Pembunuhan banyak terjadi dan masih akan terus terjadi. Penjatuhan hukuman mati oleh negara akan memberi justifikasi terhadap serangkaian tindak pembunuhan yang dilakukan orang-orang partikelir. Jadi teori balas dendam mendapat legitimasi, an eye for an eye. Untuk teori pemidanaan teori ini sudah dianggap ketinggalan zaman, dan tujuan pemidanaan di Indonesia juga sebetulnya bukanlah balas dendam tetapi rehabilitasi, reedukasi, dan reintegrasi ke masyarakat. Terpidana diberi fasilitas dan dituntut untuk memperbaiki diri mereka.
Negara Terbanyak Menerapkan Hukuman Mati - Sumber :Amnesti Internasional
Salah satu penyebab dihapuskanya hukuman mati ialah merupakan suatu bentuk perlakuan kejam, tidak manusiawi, merendahkan martabat manusia. Kekejaman hukuman mati digambarkan oleh Mahkamah Konstitusi Afrika Selatan ketika menghapus hukuman mati dari system hukum Afrika Selatan dalam kasus S v Makwanyane (1995). Dalam kasus ini Hakim Chaskalson mendeskripsikan hukuman mati sebagai berikut (paragraf 26):

 “Hukuman mati adalah bentuk hukuman yang paling ekstrem yang dapat dijatuhkan terhadap seorang terpidana. Begitu dieksekusi hukuman ini langsung bersifat final dan tidak dapat diubah lagi. Hukuman tersebut mengakhiri tidak hanya hak untuk hidup itu sendiri, tetapi juga semua hak pribadi lainya yang telah melekat pada almarhum berdasarkan bab tiga konstitusi…. Hukuman mati juga diluar batas perikemanusiaan, karena … dengan sendirinya merupakan pengingkaran terhadap kemanusiaan yang bersangkutan. Hukuman mati juga merendahkan martabat yang bersangkutan karena hukuman mati menghapus segala harkat dan martabat apapun yang dimiliki si terpidana. Ia diperlakukan sebagai obyek yang harus dieliminasi negara.”
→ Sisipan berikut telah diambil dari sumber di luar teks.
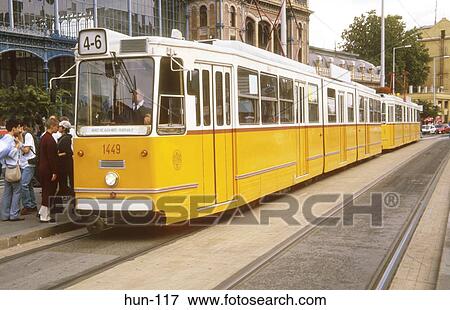 Stock Photo - Tram Budapest Hungary. Fotosearch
Sebagai bagian dari komunita internasional dan anggota Perserikatan Bangsa-Bangsa (PBB), Indonesia seharusnya sejak awal menghapuskan hukuman mati karena secara etis dan organisatoris Indonesia harus tunduk pada Universal Declaration of Human Rights (UDHR) yang dalam pasal 3 menyatakan:

Everyone has the right of life, liberty and security of person”

Indonesia juga sudah meratifikasi International Covenant on Civil and Political Rights (ICCPR) yang dalam pasal 6 (1) berbunyi:

“Every human being has the inherent right to life. This right shall be protected by law. No one shall be arbitraly deprived of his life.”

Memang, ICCPR masih memiliki ruang untuk hukuman mati terutama di negara-negara yang masih menjatuhkan hukuman mati pada the most serious crimes, terutama yang berkaitan dengan kejahatan genosida. Hanya saja kalau pasal 6 ICCPR dibaca secara keseluruhan kita akan melihat bahwa hak untuk hidup adalah semangat yang utama dan harus terus dihormati.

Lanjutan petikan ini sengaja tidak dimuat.